This startled a laugh out of him. She glanced over and gave a sad smile. There was something reassuring about the comfortable mound of her stomach, the denim skirt riding up her stocky legs, the grayish-white tennis shoes. Periodically, she swabbed at the tip of her nose with her knuckles. He noticed that she wore a wedding ring, and had worn it for so long it looked embedded in her finger.
“Just two or three miles ahead, not a month ago,” she said, “a boy in a sports car stopped to pick up a girl and she smashed in his skull with a flashlight, rolled him down an embankment, and drove away in his sports car.”
“That proves it’s you doing something dangerous, not me,” he pointed out. (How easy it was to fall into the bantering, argumentative tone reserved for mothers!) “What did you pick me up for? I could be planning to kill you.”

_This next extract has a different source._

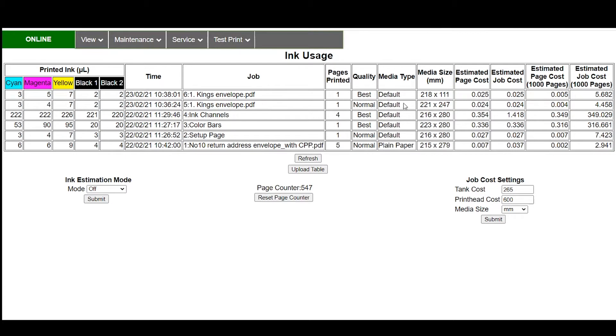If we did the same job at normal quality again two and a half cents but where you look at the important factor is the cost per thousand. This will actually take the cost of the job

“Oh, indeed,” she said, sniffling again. “You wouldn’t happen to have a Kleenex on you, by any chance?”
“No, sorry.”
“I’d never stop for just anyone,” she told him. “Only if they’re in danger—I mean young girls alone, or infants like you.”
“I am not an—”
“Yesterday it was a girl in short shorts, can you believe it? I told her; I said, ‘Honey, you’re inviting trouble, dressed like that.’ Day before, it was a twelve-year-old boy. He said he’d been robbed of his bus fare and had to get home as best he could. Day before that—”
“What, you drive here every day?”
“Most days.”
He looked out the window at the vans and oil tankers, interstate buses, cars with their overloaded luggage racks. “I had sort of thought this was a long-range highway,” he said.
“Oh, no. Heavens, no. No, I live right nearby,” she told him.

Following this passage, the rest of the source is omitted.